Can Systematic Deviations from Realism Help Comprehension?

Above it has been shown that differences between real-world states and realistic depictions should not be regarded as deficiencies that have to be overcome by advanced technologies that provide a more and more perfect illusion of reality. Instead, in terms of comprehension and knowledge acquisition, deviations from reality may even be purposefully exploited for optimizing the content to be learned for perceptual and cognitive processing. In the past years, this topic has been systematically explored in our lab particularly for realistic dynamic visualizations such as animations and films . In particular, we were interested how the range of design options that dynamic visualizations provide for the portrayal of real-world activities and events may be used for fostering comprehension.

In a first set of experiments, we investigated how the structure of unfamiliar events or activities can be made more salient for viewers. Observers tend to spontaneously segment real-world activities like troubleshooting a machine or assembling a device into a series of discrete segments, separated by event boundaries.
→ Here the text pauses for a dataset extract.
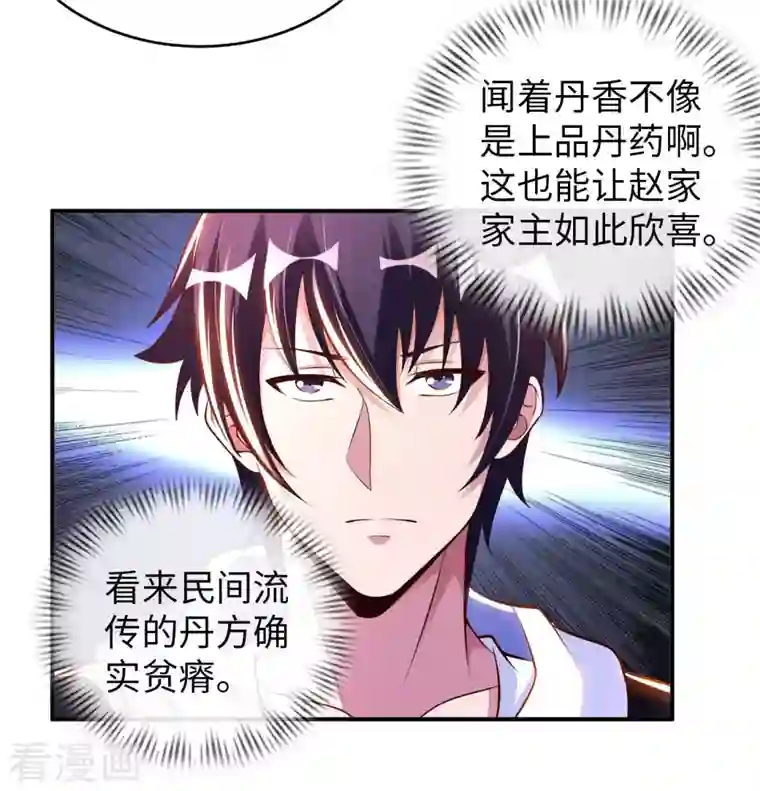 我的师傅是神仙第67话 野小子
Identification of event boundaries and structuring an event accordingly has been shown to be an important prerequisite for event comprehension (Hard, Lozano, & Tversky, 2006). This may pose a problem for viewers who are confronted with a new and unfamiliar event. By analyzing several educational movies produced for classroom presentation in Germany, we found that learners preferably placed event boundaries at the occurrence of formal filmic features such as film cuts (Schwan, Garsoffky, & Hesse, 1998). In a laboratory study (Schwan, Garsoffky, & Hesse, 2000), we found that placing film cuts at natural event boundaries made the boundaries more salient to viewers who were not familiar with the activity. Additionally, use of film cuts at event boundaries increased recall of the event sequences shown in the films. These findings indicate that by informed use of film techniques, comprehension can be fostered by highlighting the structure of unfamiliar events or activities.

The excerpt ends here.